GIVEN RECORDS =>
◆ ◆ ◆ ◆ ◆ ◆ ◆

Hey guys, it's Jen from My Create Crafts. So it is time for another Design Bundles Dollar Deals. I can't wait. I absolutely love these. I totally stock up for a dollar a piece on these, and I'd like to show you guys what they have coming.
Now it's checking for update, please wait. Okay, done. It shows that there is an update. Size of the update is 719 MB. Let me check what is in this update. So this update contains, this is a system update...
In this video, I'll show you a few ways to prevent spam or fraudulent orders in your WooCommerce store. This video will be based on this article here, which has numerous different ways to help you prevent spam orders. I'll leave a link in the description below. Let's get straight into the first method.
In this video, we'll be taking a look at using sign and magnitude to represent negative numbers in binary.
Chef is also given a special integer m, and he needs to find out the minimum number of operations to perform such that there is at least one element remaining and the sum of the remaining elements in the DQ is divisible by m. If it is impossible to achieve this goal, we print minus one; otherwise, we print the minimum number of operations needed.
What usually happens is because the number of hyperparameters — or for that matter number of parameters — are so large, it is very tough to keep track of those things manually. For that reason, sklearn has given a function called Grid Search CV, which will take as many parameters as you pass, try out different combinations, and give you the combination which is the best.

◆ ◆ ◆ ◆ ◆ ◆ ◆

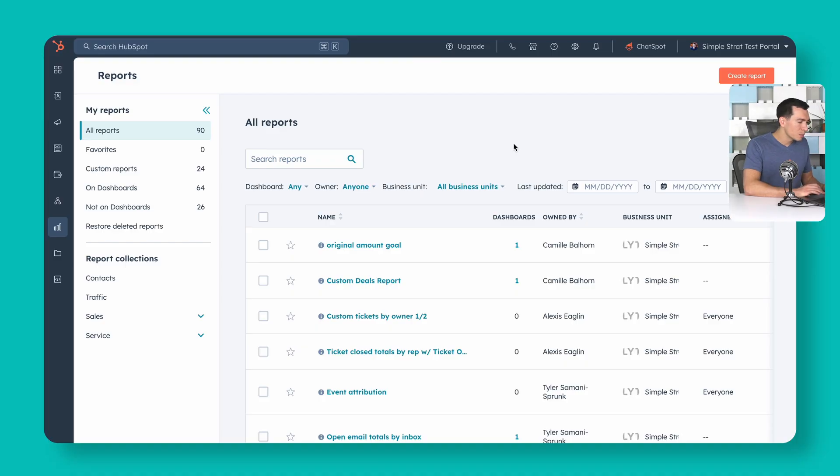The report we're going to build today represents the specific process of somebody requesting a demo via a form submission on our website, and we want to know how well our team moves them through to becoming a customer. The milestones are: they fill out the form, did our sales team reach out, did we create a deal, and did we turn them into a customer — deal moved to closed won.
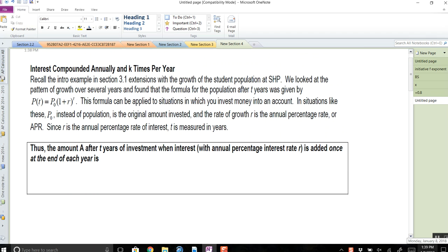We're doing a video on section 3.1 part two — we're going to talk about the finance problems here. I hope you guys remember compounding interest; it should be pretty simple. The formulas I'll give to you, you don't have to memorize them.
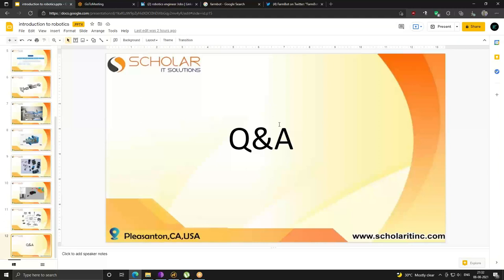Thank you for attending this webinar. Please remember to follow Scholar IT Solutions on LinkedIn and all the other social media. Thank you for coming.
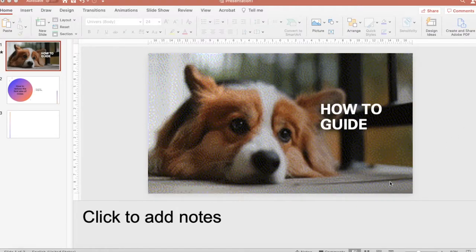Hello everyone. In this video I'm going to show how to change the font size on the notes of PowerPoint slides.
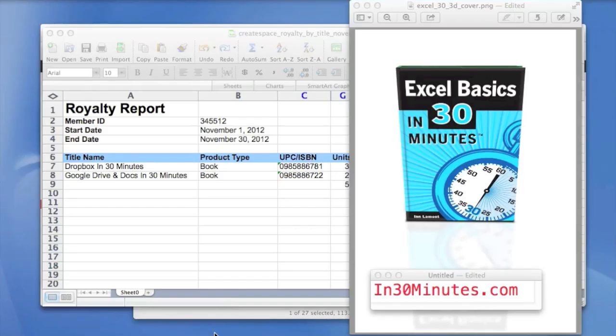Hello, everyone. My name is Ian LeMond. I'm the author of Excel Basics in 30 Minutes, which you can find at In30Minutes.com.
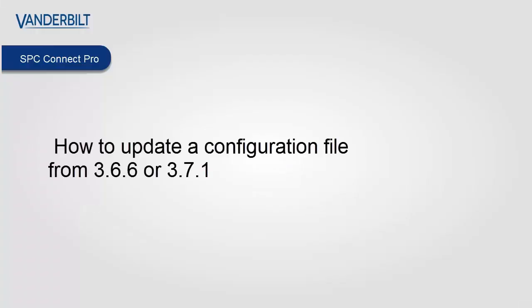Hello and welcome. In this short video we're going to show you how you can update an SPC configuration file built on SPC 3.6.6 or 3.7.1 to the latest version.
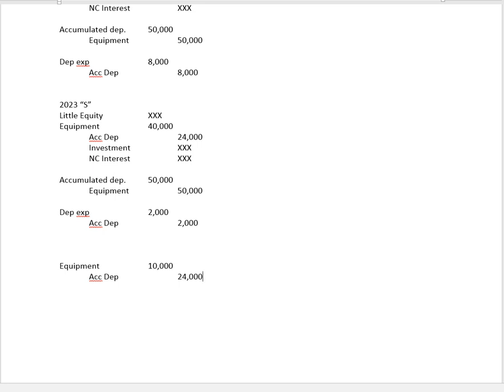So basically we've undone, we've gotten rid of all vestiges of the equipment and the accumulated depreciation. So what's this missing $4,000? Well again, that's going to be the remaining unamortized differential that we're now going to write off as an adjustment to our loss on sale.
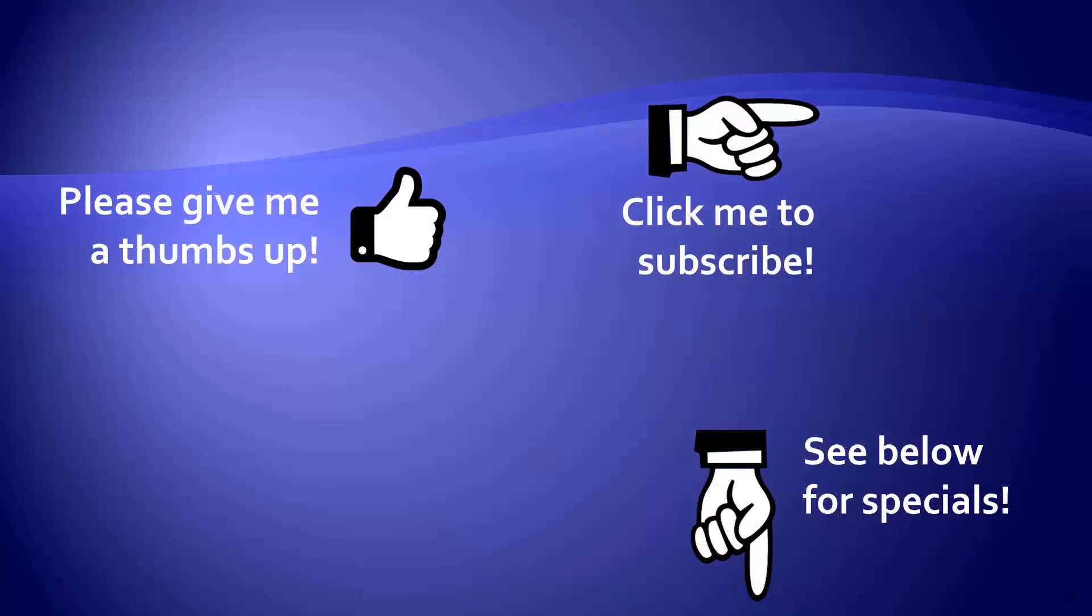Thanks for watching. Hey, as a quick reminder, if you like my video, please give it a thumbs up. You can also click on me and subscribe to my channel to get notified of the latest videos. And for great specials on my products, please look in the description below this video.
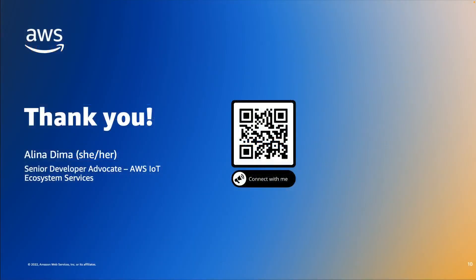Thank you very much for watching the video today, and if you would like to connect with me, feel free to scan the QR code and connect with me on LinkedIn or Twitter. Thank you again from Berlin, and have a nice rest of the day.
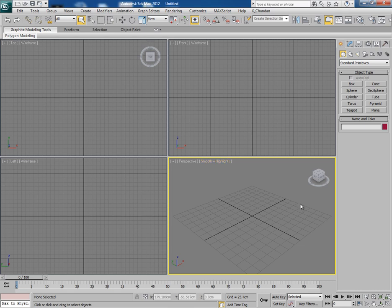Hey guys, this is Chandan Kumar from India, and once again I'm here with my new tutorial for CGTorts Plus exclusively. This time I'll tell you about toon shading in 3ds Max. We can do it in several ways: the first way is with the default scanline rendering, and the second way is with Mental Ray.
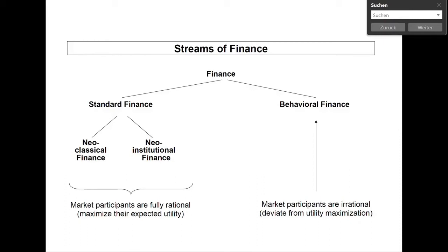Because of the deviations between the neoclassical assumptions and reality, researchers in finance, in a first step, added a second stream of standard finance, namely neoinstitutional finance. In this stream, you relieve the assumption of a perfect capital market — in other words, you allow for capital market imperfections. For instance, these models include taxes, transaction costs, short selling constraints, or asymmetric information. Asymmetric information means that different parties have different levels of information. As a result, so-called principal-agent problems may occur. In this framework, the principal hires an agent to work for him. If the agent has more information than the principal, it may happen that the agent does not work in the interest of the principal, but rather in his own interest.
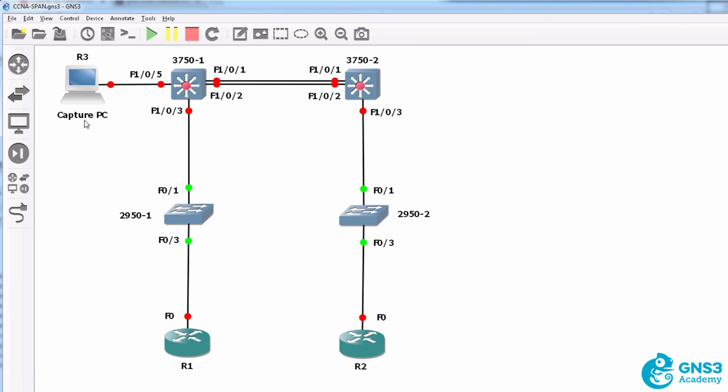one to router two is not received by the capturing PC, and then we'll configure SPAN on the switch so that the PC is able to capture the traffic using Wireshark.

◆ ◆ ◆ ◆ ◆ ◆ ◆

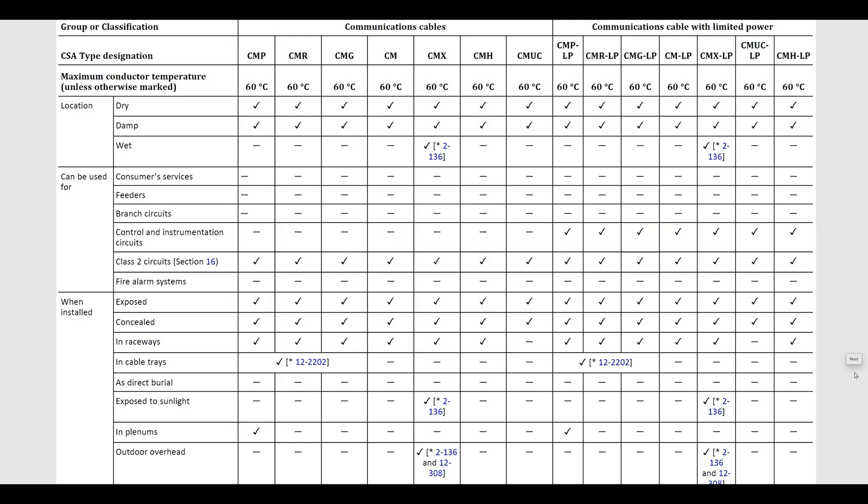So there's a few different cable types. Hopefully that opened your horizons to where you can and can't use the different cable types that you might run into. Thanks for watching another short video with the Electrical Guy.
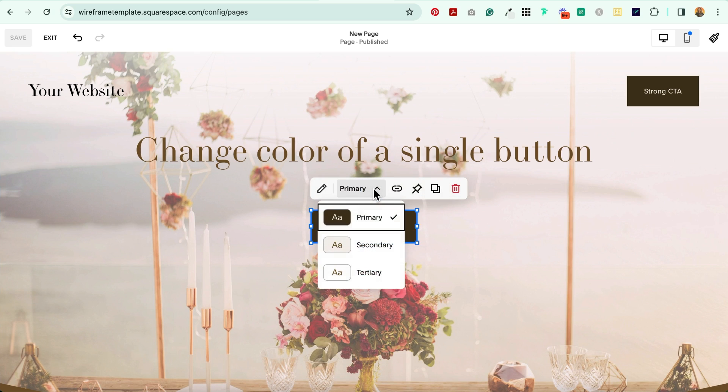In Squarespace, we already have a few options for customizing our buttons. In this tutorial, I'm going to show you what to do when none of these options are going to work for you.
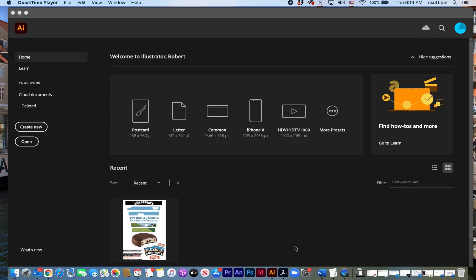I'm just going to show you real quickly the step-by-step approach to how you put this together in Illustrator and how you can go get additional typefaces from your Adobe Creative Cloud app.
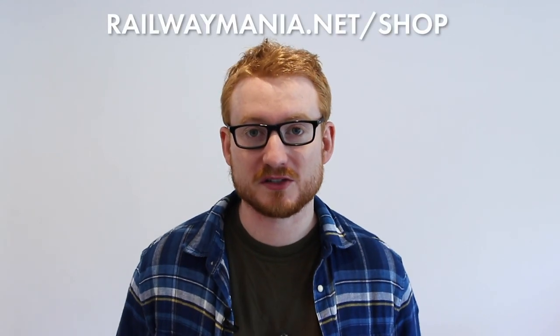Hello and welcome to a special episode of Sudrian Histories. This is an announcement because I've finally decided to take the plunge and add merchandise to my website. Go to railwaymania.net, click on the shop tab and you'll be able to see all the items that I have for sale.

◆ ◆ ◆ ◆ ◆ ◆ ◆

ABOUT THIS TASK => All that is needed is the exact run of lines above from the line containing "Hey guys, it's" through the line containing "In this video, we'll", both of them included.

SOLUTION TO THIS PROBLEM =>
Hey guys, it's Jen from My Create Crafts. So it is time for another Design Bundles Dollar Deals. I can't wait. I absolutely love these. I totally stock up for a dollar a piece on these, and I'd like to show you guys what they have coming.
Now it's checking for update, please wait. Okay, done. It shows that there is an update. Size of the update is 719 MB. Let me check what is in this update. So this update contains, this is a system update...
In this video, I'll show you a few ways to prevent spam or fraudulent orders in your WooCommerce store. This video will be based on this article here, which has numerous different ways to help you prevent spam orders. I'll leave a link in the description below. Let's get straight into the first method.
In this video, we'll be taking a look at using sign and magnitude to represent negative numbers in binary.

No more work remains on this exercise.